* [TASK TO COMPLETE]
The answer must consist only of the lines in the records below from the line with "Hunting Knife With Full" to the line with "SPECTRUM ST-1000 AC-DC", both included, copied word for word with every picture left out.

* [EXERCISE MATERIAL]

------------------------

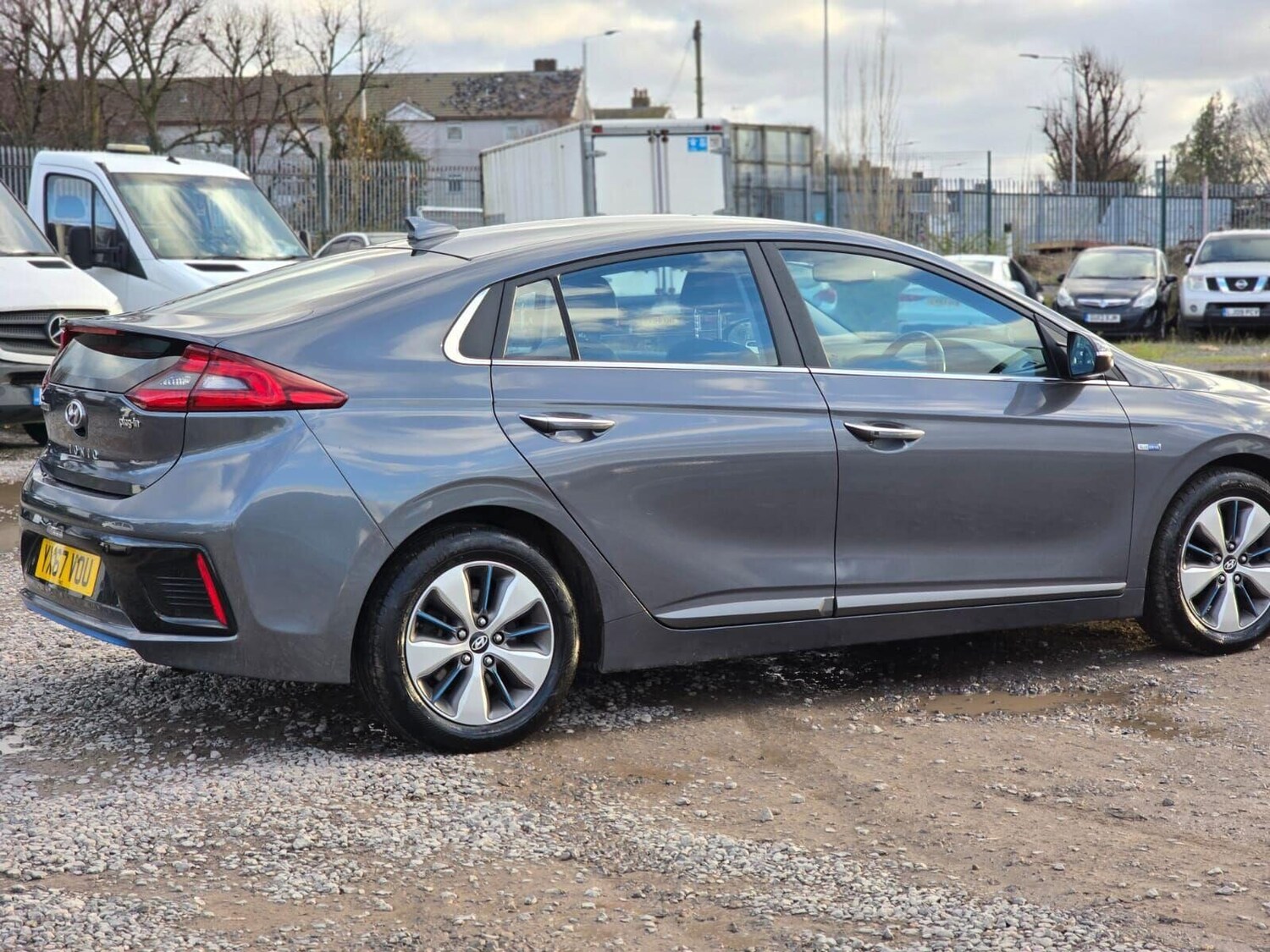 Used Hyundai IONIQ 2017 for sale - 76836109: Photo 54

------------------------

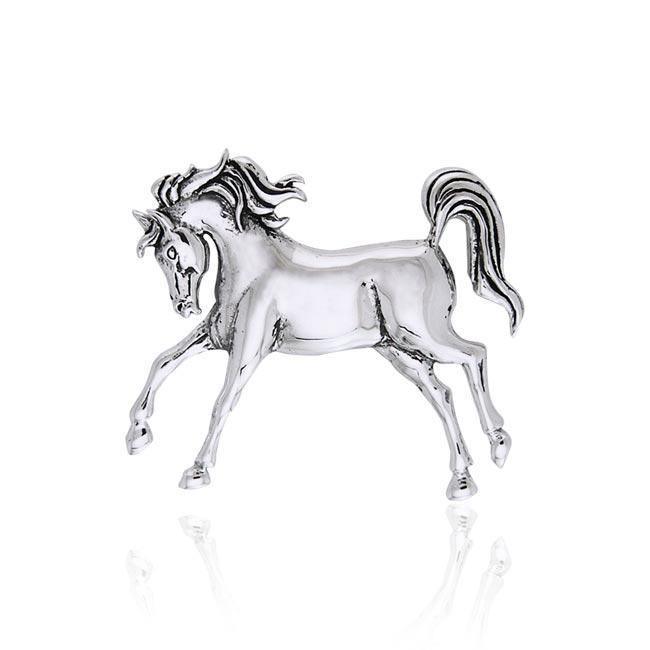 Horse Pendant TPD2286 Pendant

------------------------

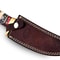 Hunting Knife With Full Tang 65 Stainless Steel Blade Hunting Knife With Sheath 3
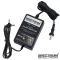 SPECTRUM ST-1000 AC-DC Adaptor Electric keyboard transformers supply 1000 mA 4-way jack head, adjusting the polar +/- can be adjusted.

------------------------

* [SOLVED EXERCISE]
 Hunting Knife With Full Tang 65 Stainless Steel Blade Hunting Knife With Sheath 3
 SPECTRUM ST-1000 AC-DC Adaptor Electric keyboard transformers supply 1000 mA 4-way jack head, adjusting the polar +/- can be adjusted.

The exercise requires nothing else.